Just as Israel was brought into the Promised Land (which is Jerusalem) through the passover — now Christ leads humanity to the promised land of the heavenly Jerusalem through His own Passover at the earthly Jerusalem. Therefore, just like the Hebrews in Egypt, the Lamb is selected five days before the Passover. That is today as Jesus enters into Jerusalem to offer His life for the life of the world.
In his actions, Jesus begins an Exodus of humanity itself. As the hebrews were freed from their Egyptian captors and from the angel of death, so Jesus leads humanity on an Exodus from our captors (the world, the flesh, the devil) and from the curse of death. Through his blood we are freed from the tyranny of death and have the power not to sin. Through his blood we are healed by the wounds of the Fall. Through His blood we are joined to His life–his divine life. Christ’s true and perfect sacrifice leads us back into the presence of God.
And now, as the Hebrews were freed in order to obtain the Promise Land, we are freed in order to enter into our promised land–to enter back into the very presence of God.

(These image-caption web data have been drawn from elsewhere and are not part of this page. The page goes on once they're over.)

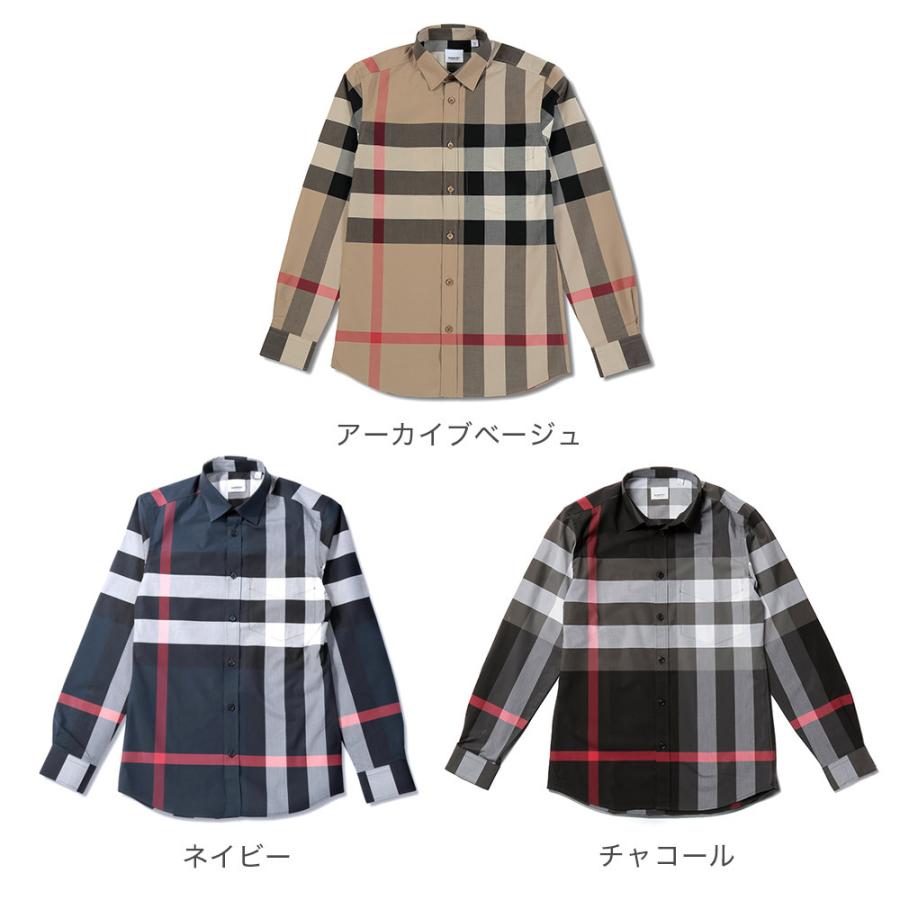 BURBERRY（バーバリー） シャツ メンズ チェック ストレッチコットン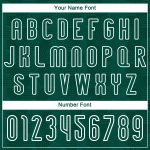 Personalized Midnight Green Geometric Shape Volleyball Uniform Jersey for Sublimation Printing Personalized Midnight Green
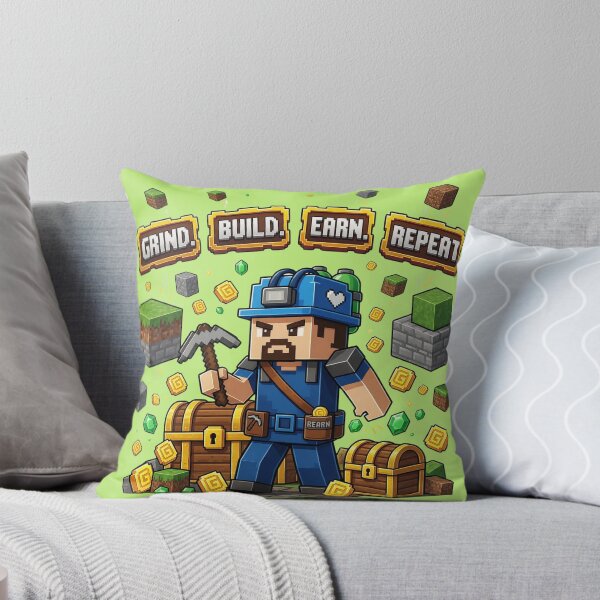 Item preview, Grind, Build, Earn, Repeat – Gamer Hustle Gaming Design designed and sold by DVerse Studio.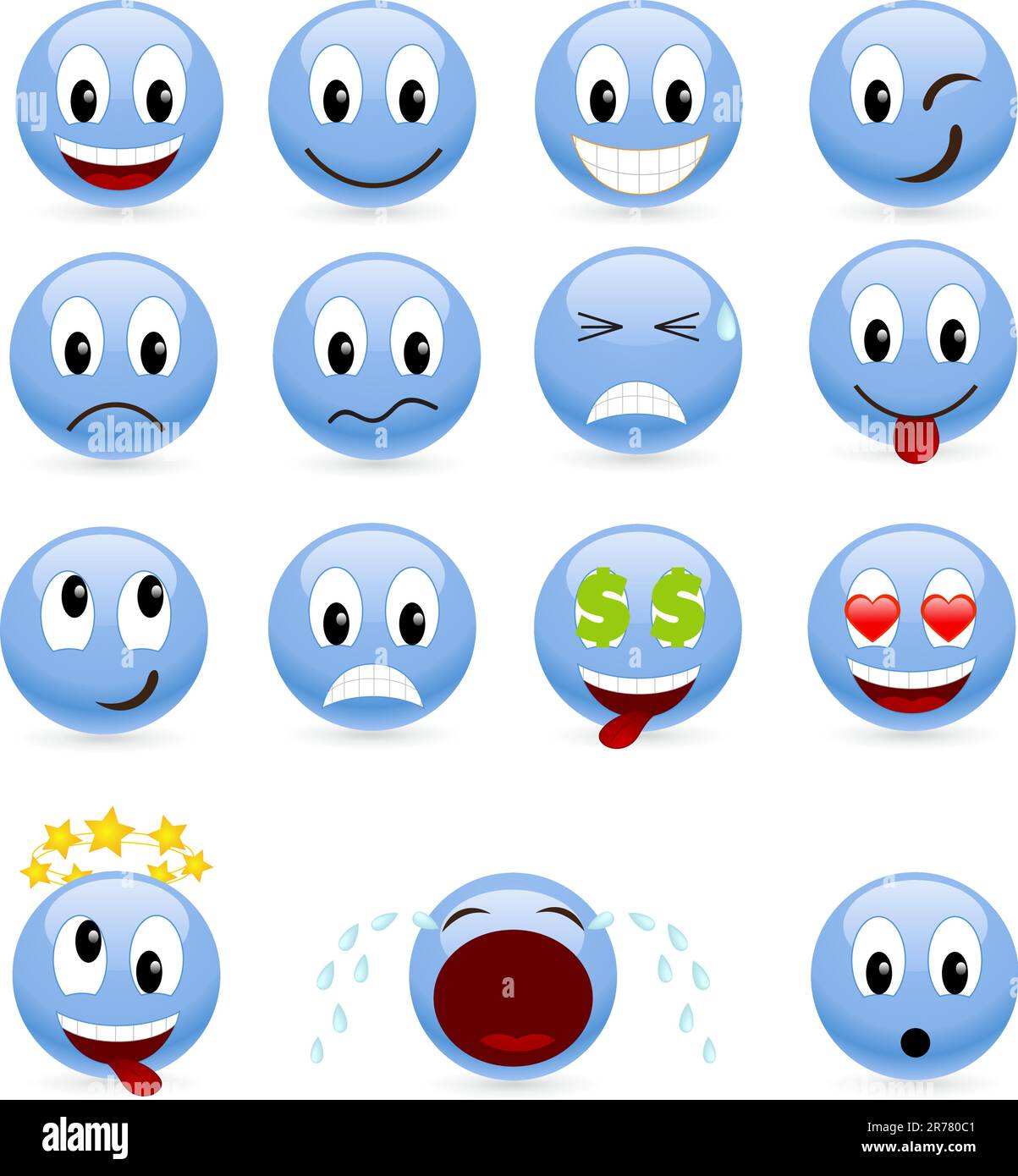 Sorrisi freddi. Illustrazione vettoriale, isolata su un bianco. Illustrazione Vettoriale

The triumphant entry leads directly to the Cross because it is the start of the Passover ritual. Jesus entered Jerusalem many times during his life. He was also pursued by the leading group of Jews in Jerusalem many times in order to kill him. Each time they did, Jesus slipped away from them. But now, this time is different. Jesus comes to Jerusalem as King and as the Lamb, leading himself as the sacrifice in full knowledge of what is to come.

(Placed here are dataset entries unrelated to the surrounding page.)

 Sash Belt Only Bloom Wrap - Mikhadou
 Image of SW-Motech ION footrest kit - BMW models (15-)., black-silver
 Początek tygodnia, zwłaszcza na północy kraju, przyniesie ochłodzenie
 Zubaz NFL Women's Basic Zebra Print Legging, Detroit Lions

The doorposts of the Hebrews, marked with the blood of the Lamb, became their gateway of freedom. Now, Jesus enters Jerusalem and offers His blood on the Cross which becomes our gateway of Freedom. The Cross stands as a turning point of history, the means by which we arrive at fulness of humanity in the presence of God.

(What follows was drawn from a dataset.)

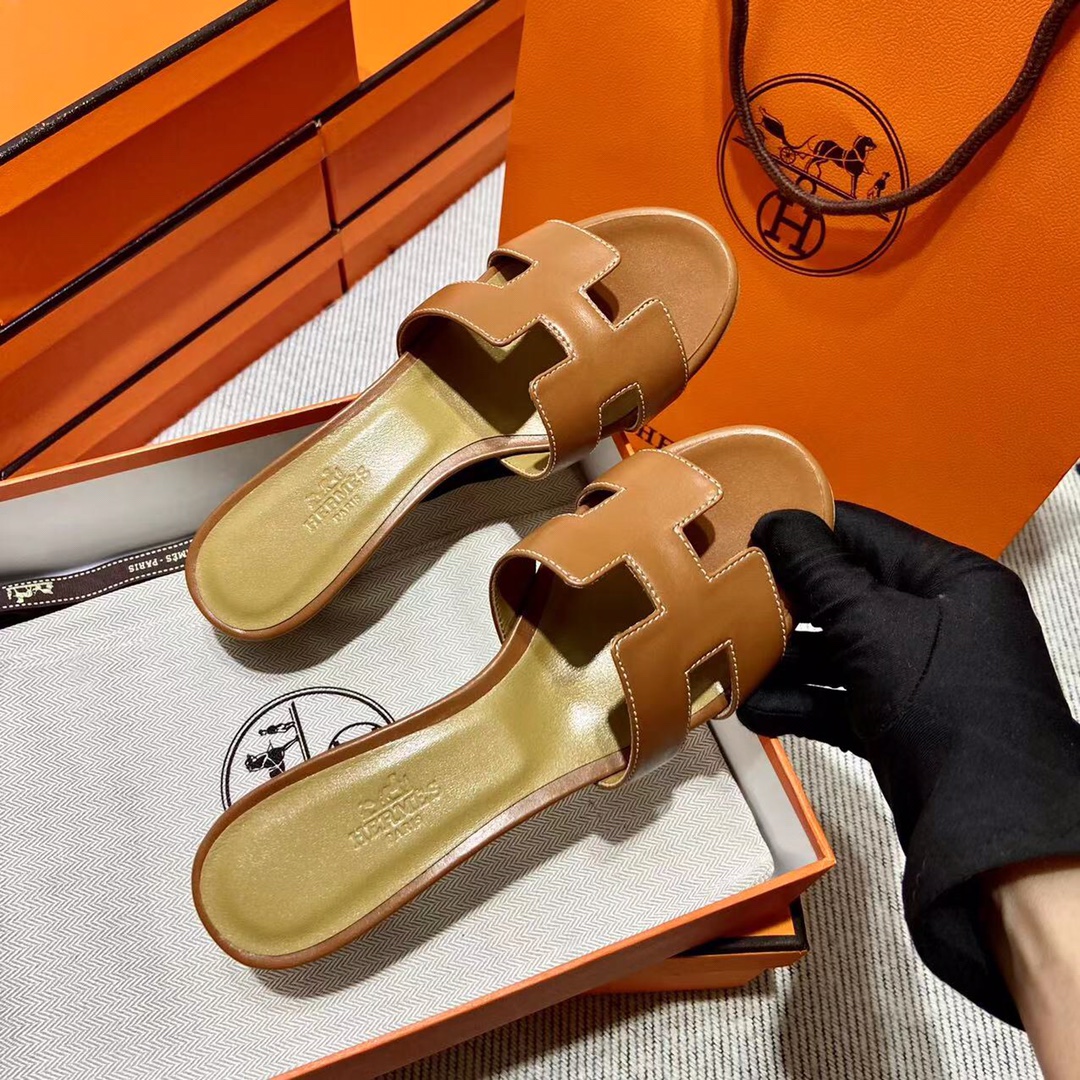 에르메스 올수공 오아시스 슬리퍼 샌들 스위프트 10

We started Lent looking at the veiled Icon of All Saints and now we come full circle. Jesus is revealed as the crucified and risen savior sitting on his throne, ruling the cosmos, but what is so striking is that his reign is symbolized by the cross, which is held by angels on a cushion above Him. All creation must come to terms with the Cross. As John Henry Newman puts it: “His Cross has put its due value upon every thing which we see, upon all fortunes, all advantages, all ranks, all dignities, all pleasures; upon the lust of the flesh, and the lust of the eyes, and the pride of life. It has set a price upon the excitements, the rivalries, the hopes, the fears, the desires, the efforts, the triumphs of mortal man. It has given a meaning to the various, shifting course, the trials, the temptations, the sufferings, of his earthly state. It has brought together and made consistent all that seemed discordant and aimless. It has taught us how to live, how to use this world, what to expect, what to desire, what to hope. It is the tone into which all the strains of this world’s music are ultimately to be resolved.”
Our Lenten journey is now coming to an end at the foot of the Cross. All of our devotion, fasting, and preparation will help us now as we come to Holy Week. If you have failed your Lenten intentions, or never even set aside this time in special intentions, do not despair. Start today and enter Holy Week with care. Let us all pray that this week we may join our Redeemer in His Passover as we ponder the mysteries of his passion and resurrection who forgives our sins, heals our wounds, and binds us together with all the Saints in heavenly joy.